Generations Day Care Part Eight: The Etch-a-Sketch Castle
I remember the names of each child. They all had their unique personalities and I respected and admired them all.
Although the boys got a lot of benefit from my presence I like to believe I made as strong of an impression on the girls. Girls need a positive influence as much as boys, especially from men. The way a man treats a girl when she is younger will have a huge part in the kind of boys she dates when she's old enough. If you treat her like she's an intelligent person who deserves respect she will always believe that all guys should treat her that way and hopefully she won't wind up with someone who hits her.

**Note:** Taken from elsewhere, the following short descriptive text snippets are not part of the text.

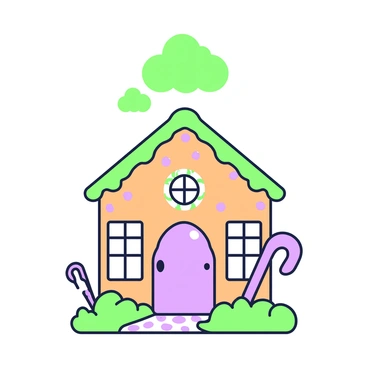 A gingerbread house stands on a small base, intricately decorated with green icing along the edges of the roof. The walls are adorned with purple candies in various shapes, including gumdrops and jelly beans. The front door is framed with icing, giving it a charming appearance. Each window is bordered with green icing, and small purple candy canes lean against the house. In the foreground, a pathway made of crushed purple candies leads up to the door, surrounded by patches of green icing that resemble grass. Above the house, there are fluffy green clouds gathering in the sky.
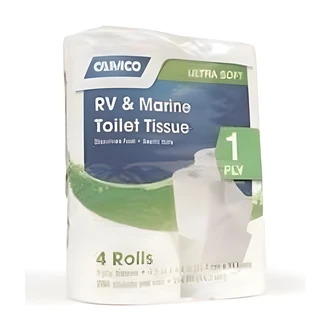 Camco RV Toilet Paper, 4/PK, 1-Ply, Fast Dissolving, Biodegradable, Septic Safe, Dye-Free, Perfume-Free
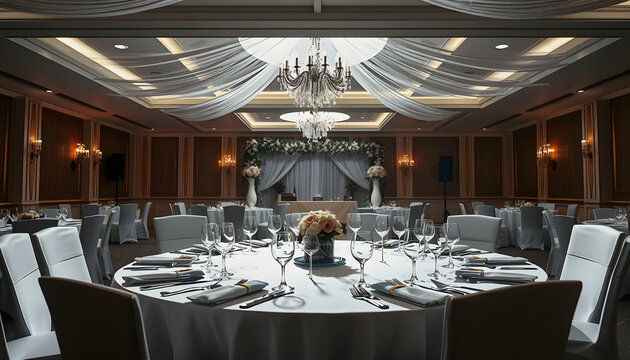 A wedding reception place setting , with white tonespng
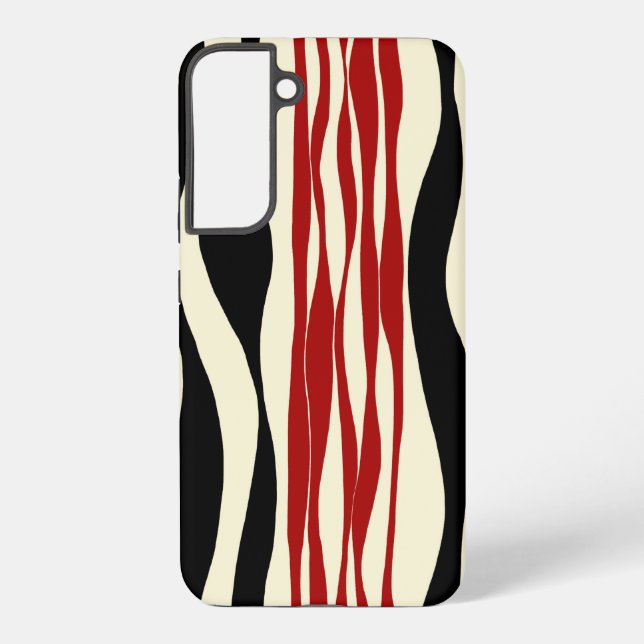 Ebb and Flow - Red & Cream Samsung Galaxy S22+ Case (Back)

The moments I enjoyed most working at the day care were those little one-on-one moments with each of the kids. Whether it was at the rec center, or on a field trip, or just playing a game during free period there was always an opportunity to spend time with the individual kids.
Ten year-old Larissa had brown eyes and dark blond hair trimmed short, which hung around her head like a halo. Her favorite shirt was a Winnie the Poo t-shirt that she wore at least once each week and she was always smiling. If there was a word for sad in her vocabulary she didn't show it. During story time she sat in my lap and at recess it was Larissa and her friends who told me how fast to push them on the tire swing.

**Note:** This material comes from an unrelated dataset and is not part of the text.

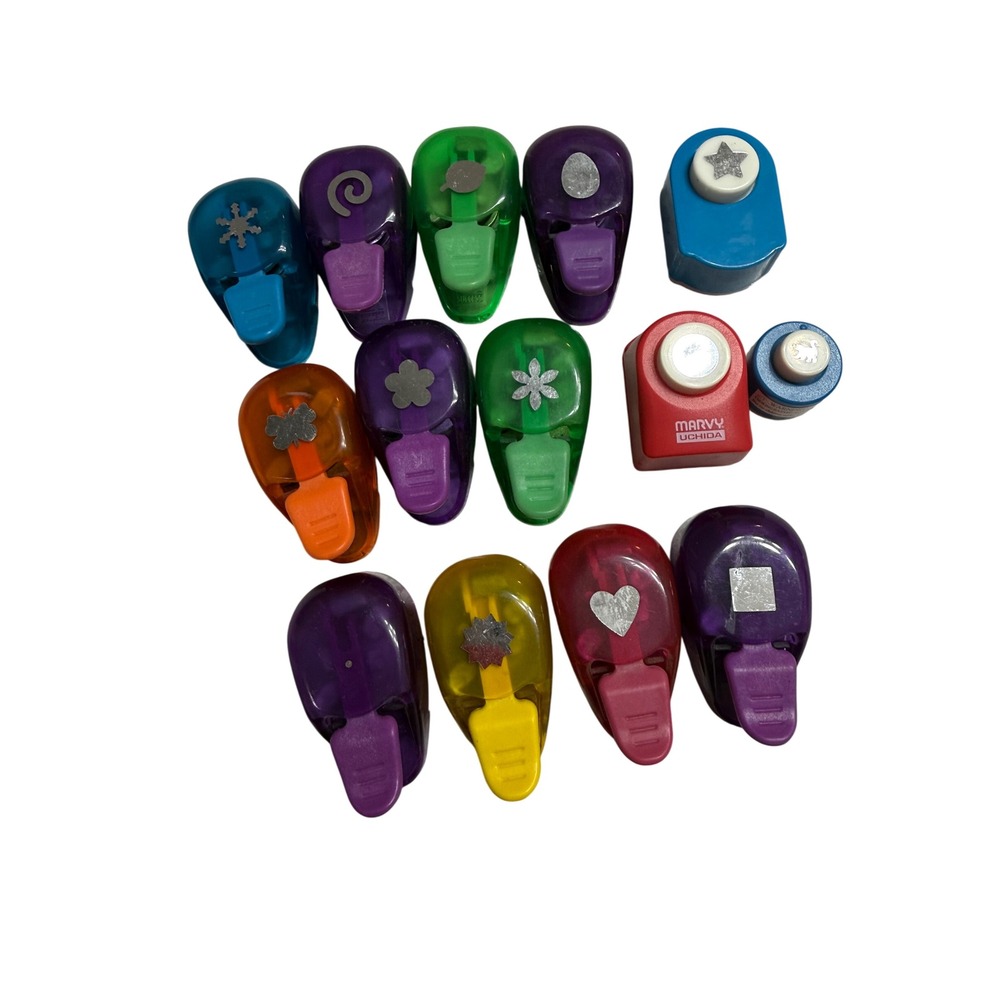 Marvy Uchida Paper Punch Set Heart Star Flowers Crafting Mini Shapes Lot of 14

One day during free block an hour or so before the parents arrived I sat down in the section of the cafeteria marked as the play area where Larissa was playing with the Etch-a-Sketch. She sat on one of the cushions and I sat in the large rocking chair that a parent had donated. (How I wish it had been there that night I had Raymond sleeping in my lap)
"What are you drawing?" I asked looking over her shoulder.
"I'm trying to draw a castle." She said turning the knobs this way and that. "But I'm having a hard time. Can you help me?"
"Sure." I answered. I went from the chair to one of the other cushions so that I could watch the screen as she worked the knobs. "Okay, first you want to make some really high walls."
After shaking it clean Larissa used the vertical knob to make two lines strutting upwards from the bottom. She then connected them at the top with a long line for a roof.
"Okay, now the castle has to have a moat around it."
"What's that?" She asked.
"Well, a moat is a large pit of water dug around a castle. When the drawbridge goes up nobody can get in unless they swim over."
Larissa made a circle around the castle and then we had our moat.
"Better put some crocodiles in there. They'll eat anyone who tries to get in." I suggested, bearing my teeth and mimicking a biting crocodile. Larissa giggled and asked me what next. "Well, what do castle's usually have in stories?"
"Oh yeah, I forgot the draw bridge!" Larissa drew the draw bridge on one side of the castle, which was pretty much just a straight line going over the moat.
We added some towers, and a lot of vines for the prince to climb up.
"Good job," I smiled warmly.
Of course, as is the fate with most Etch-a-Sketch drawings this one got erased before the day was out. But it's in my mind even now and it's the memory I think of most when I think of Larissa.